WHAT TO WORK ON: Drop the pictures and repeat the remaining data exactly.

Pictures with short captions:
┏━━

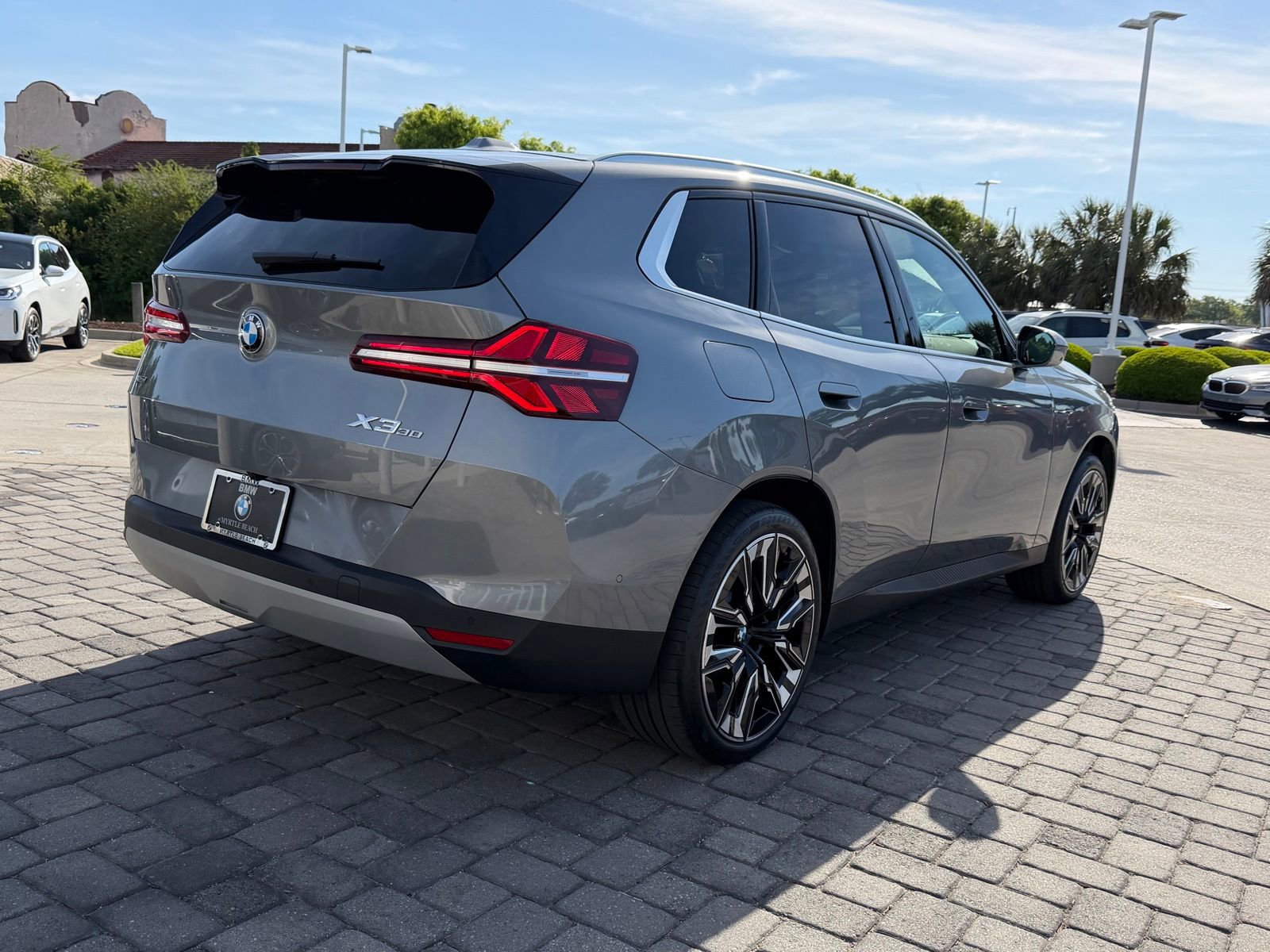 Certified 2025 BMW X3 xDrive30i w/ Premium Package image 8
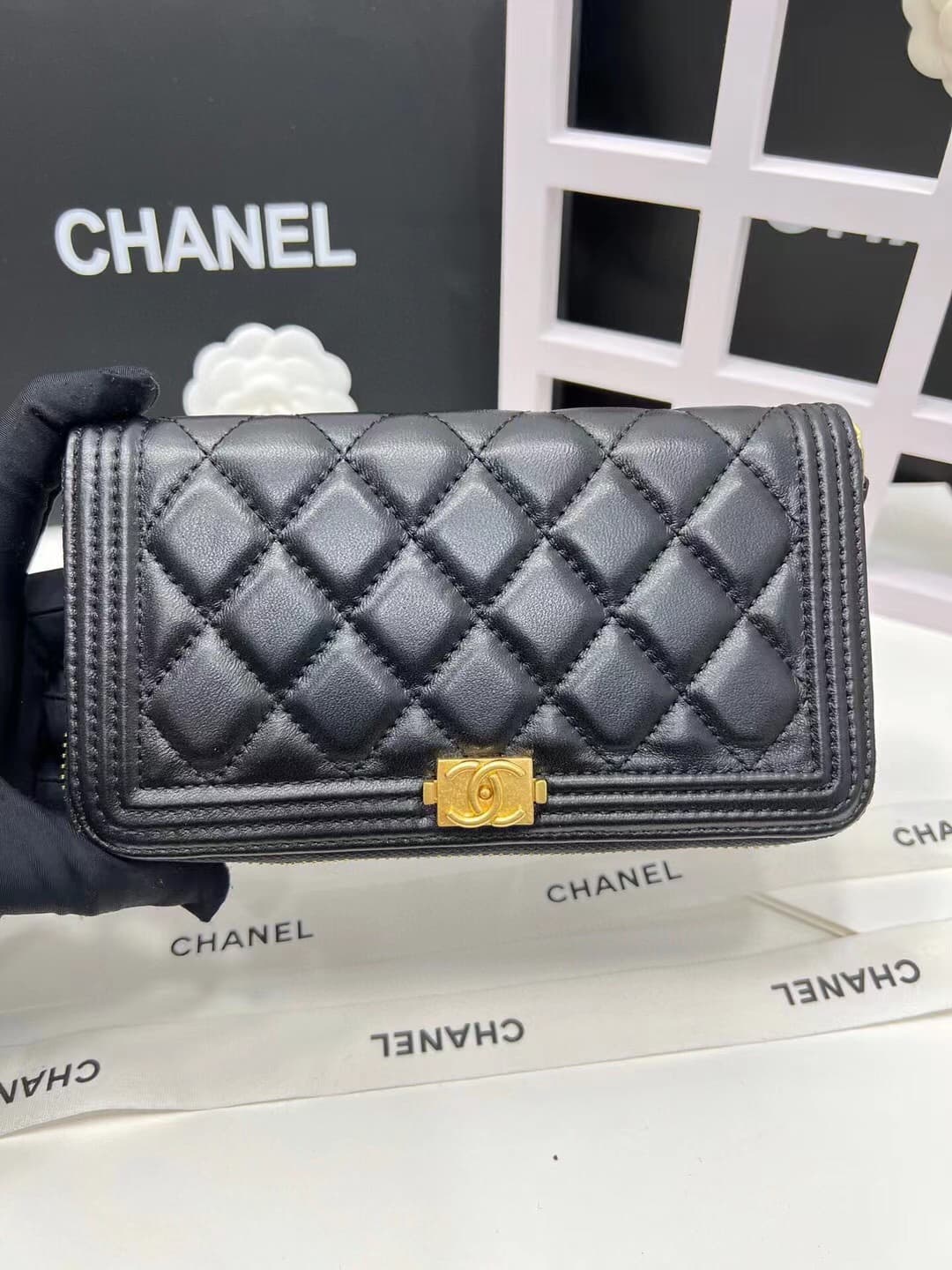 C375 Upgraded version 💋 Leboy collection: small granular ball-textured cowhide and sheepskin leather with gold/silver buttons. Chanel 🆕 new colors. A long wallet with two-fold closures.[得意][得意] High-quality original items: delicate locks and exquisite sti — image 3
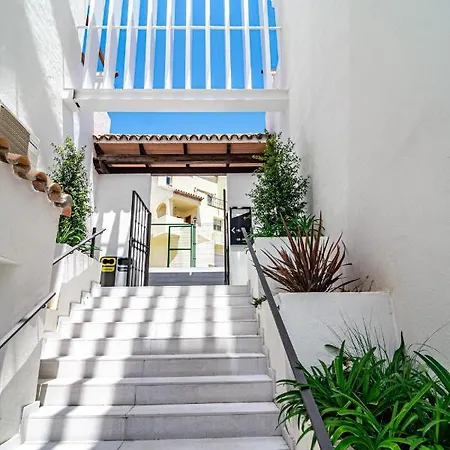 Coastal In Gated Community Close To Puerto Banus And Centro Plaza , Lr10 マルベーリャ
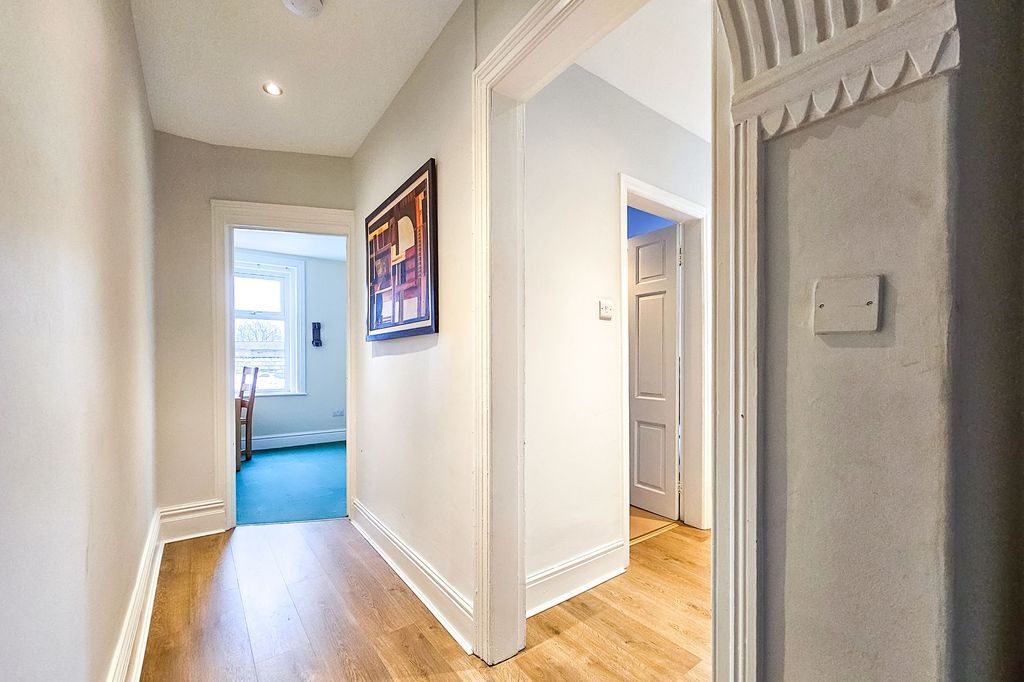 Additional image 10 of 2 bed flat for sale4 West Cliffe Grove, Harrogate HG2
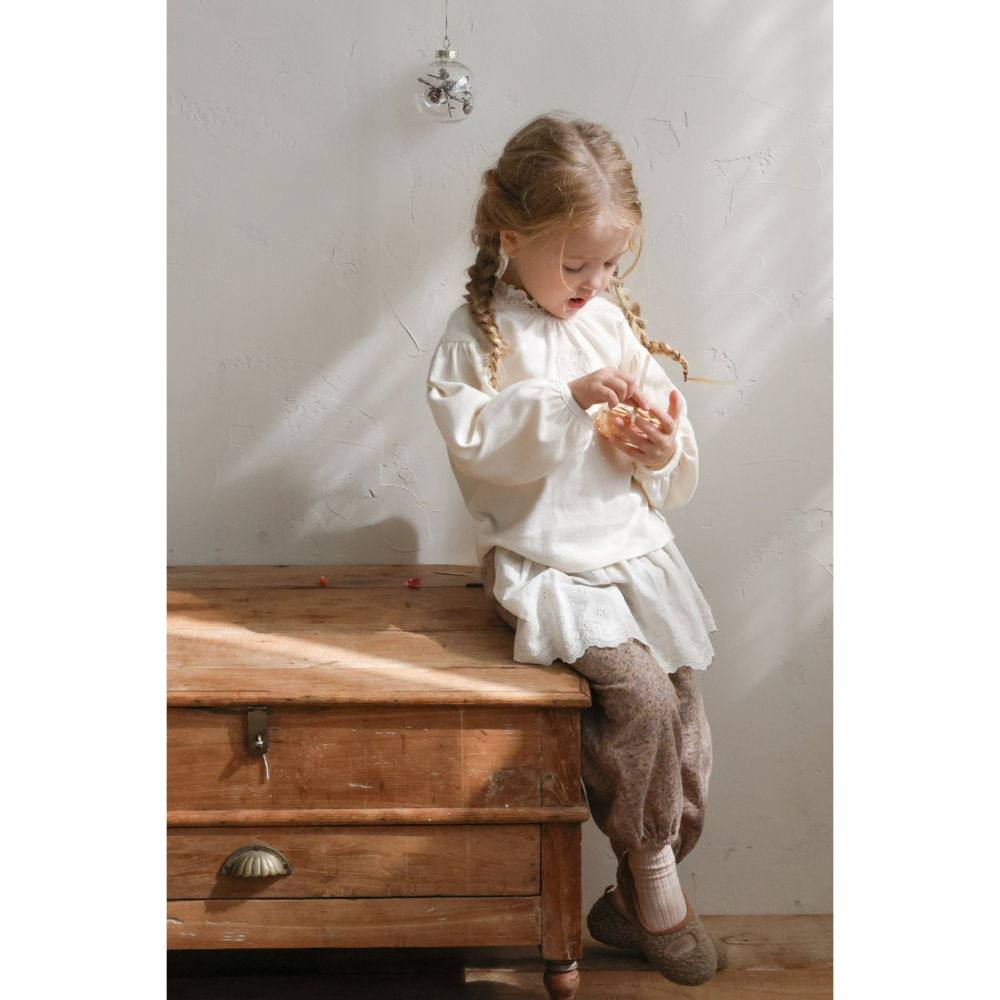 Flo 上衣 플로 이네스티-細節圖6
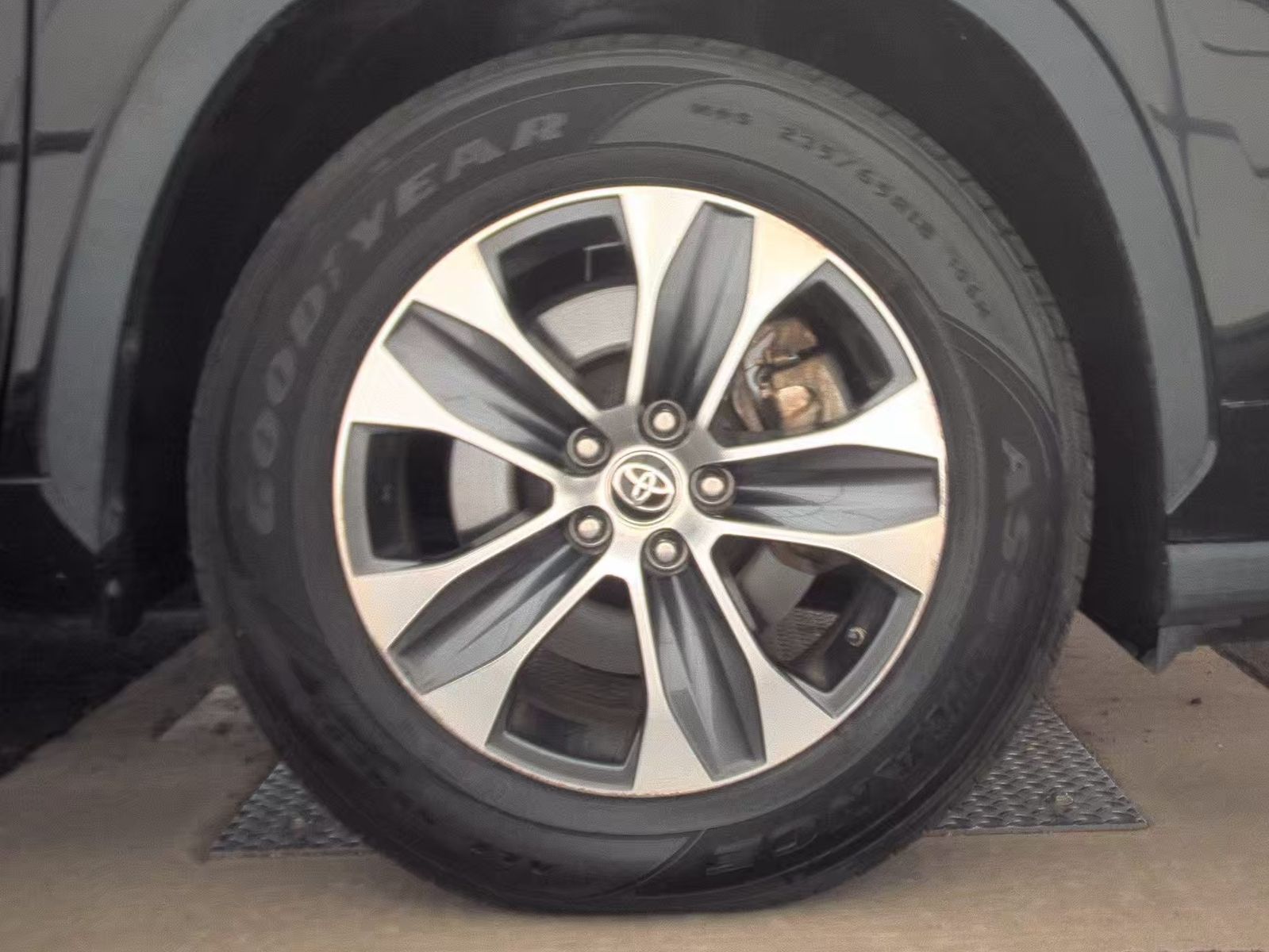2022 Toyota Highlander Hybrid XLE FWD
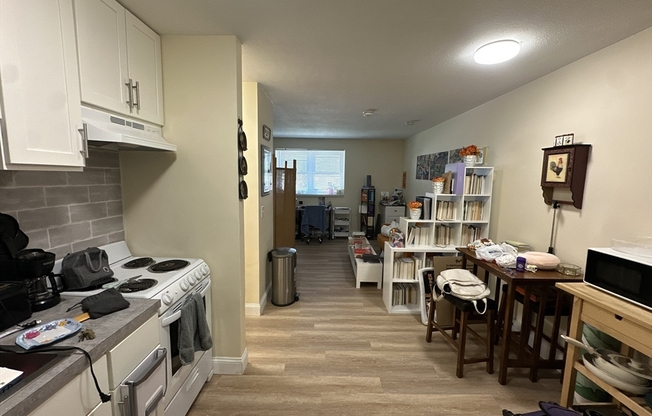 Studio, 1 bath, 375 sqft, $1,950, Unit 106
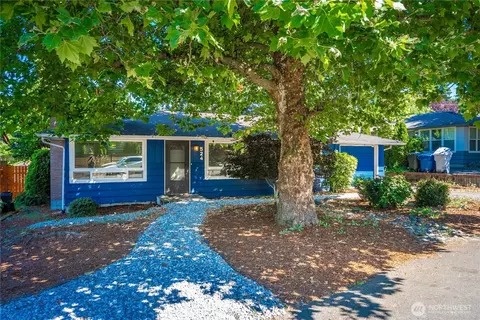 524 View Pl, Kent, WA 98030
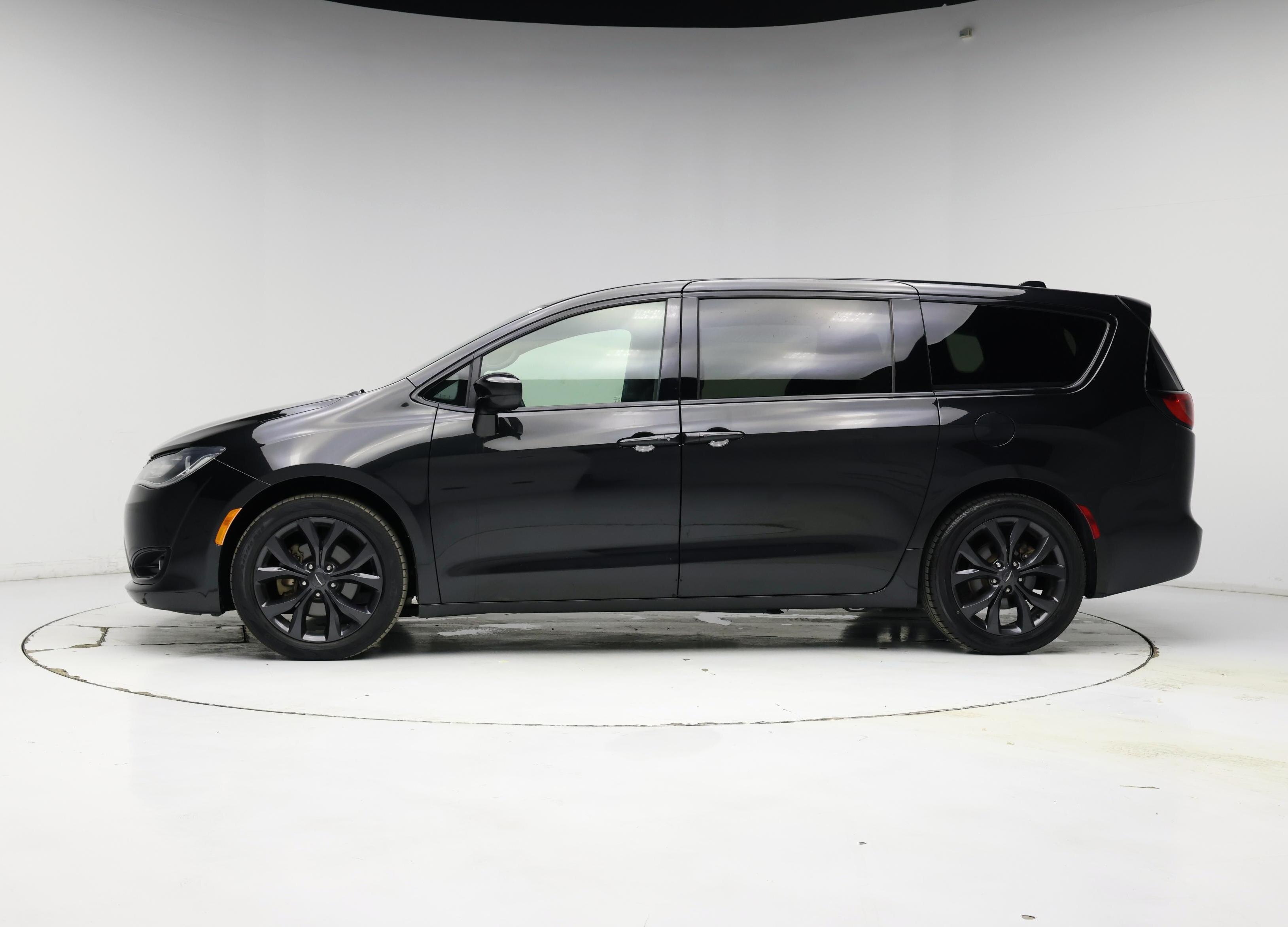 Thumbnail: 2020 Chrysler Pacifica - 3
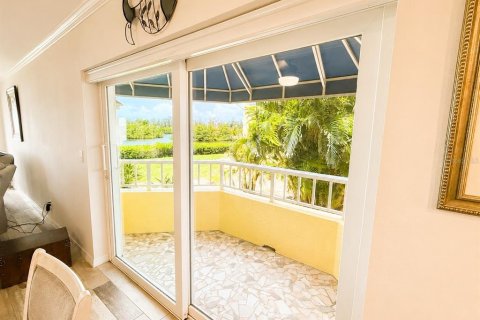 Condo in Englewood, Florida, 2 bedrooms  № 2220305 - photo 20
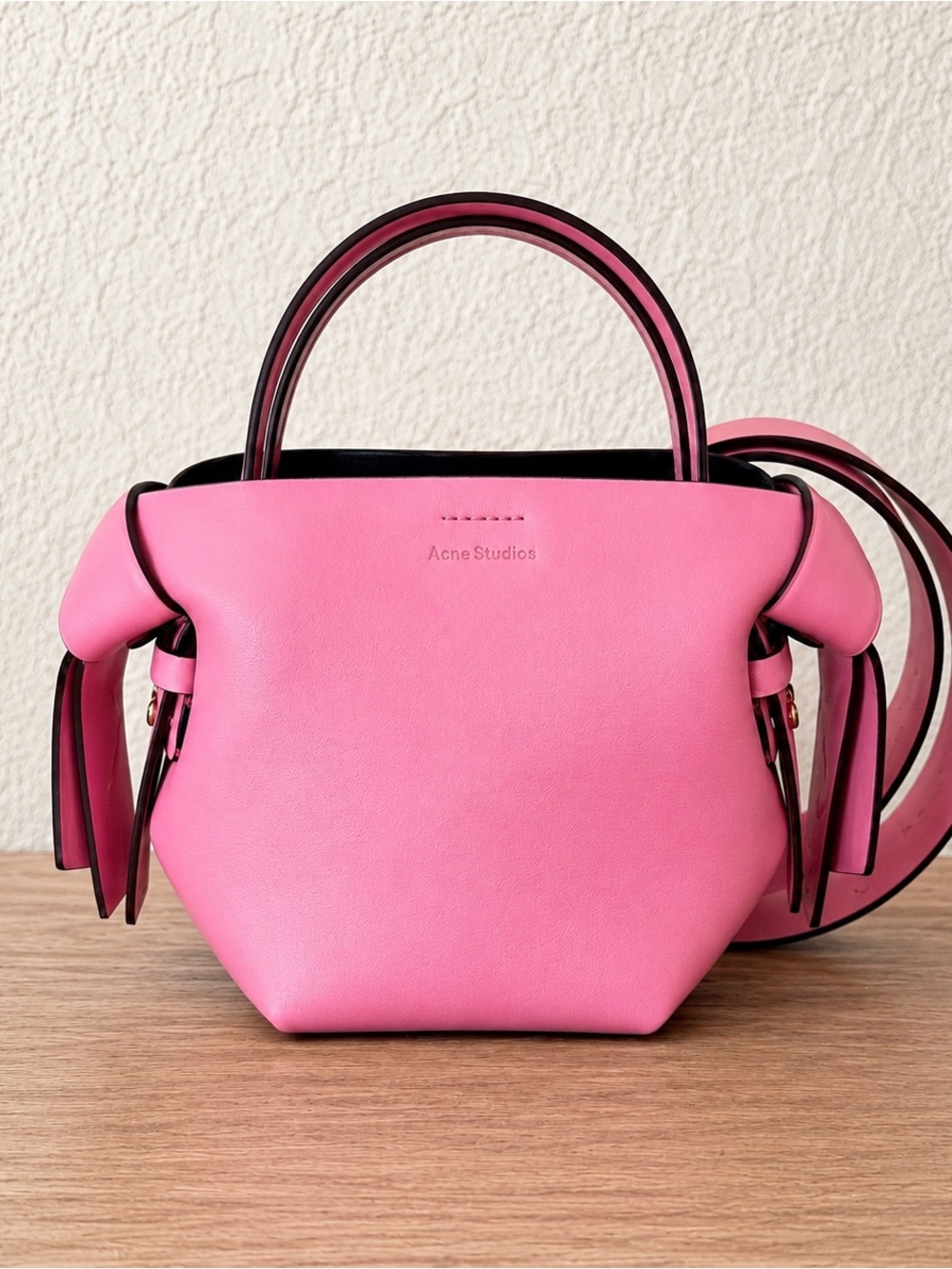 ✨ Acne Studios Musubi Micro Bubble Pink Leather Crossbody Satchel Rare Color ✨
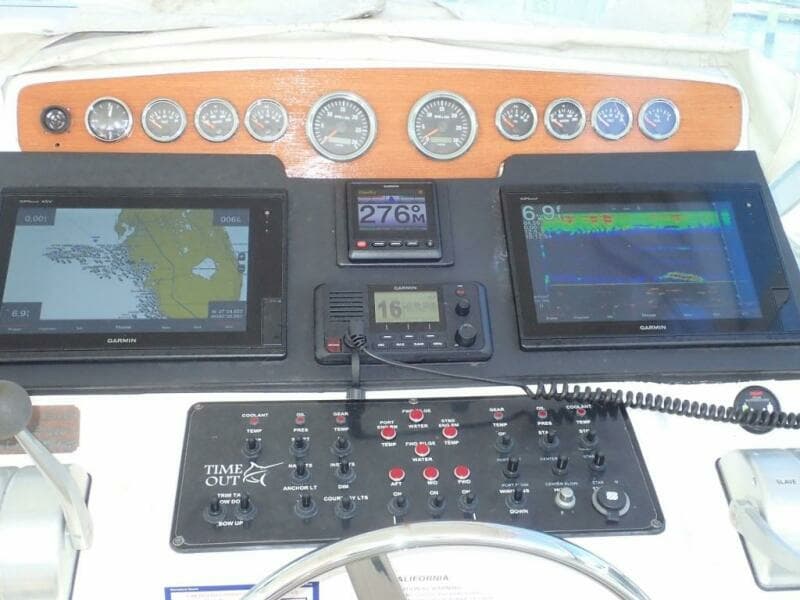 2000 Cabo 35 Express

┗━━

RESPONSE TO THIS EXERCISE:
 Certified 2025 BMW X3 xDrive30i w/ Premium Package image 8
 C375 Upgraded version 💋 Leboy collection: small granular ball-textured cowhide and sheepskin leather with gold/silver buttons. Chanel 🆕 new colors. A long wallet with two-fold closures.[得意][得意] High-quality original items: delicate locks and exquisite sti — image 3
 Coastal In Gated Community Close To Puerto Banus And Centro Plaza , Lr10 マルベーリャ
 Additional image 10 of 2 bed flat for sale4 West Cliffe Grove, Harrogate HG2
 Flo 上衣 플로 이네스티-細節圖6
2022 Toyota Highlander Hybrid XLE FWD
 Studio, 1 bath, 375 sqft, $1,950, Unit 106
 524 View Pl, Kent, WA 98030
 Thumbnail: 2020 Chrysler Pacifica - 3
 Condo in Englewood, Florida, 2 bedrooms  № 2220305 - photo 20
 ✨ Acne Studios Musubi Micro Bubble Pink Leather Crossbody Satchel Rare Color ✨
 2000 Cabo 35 Express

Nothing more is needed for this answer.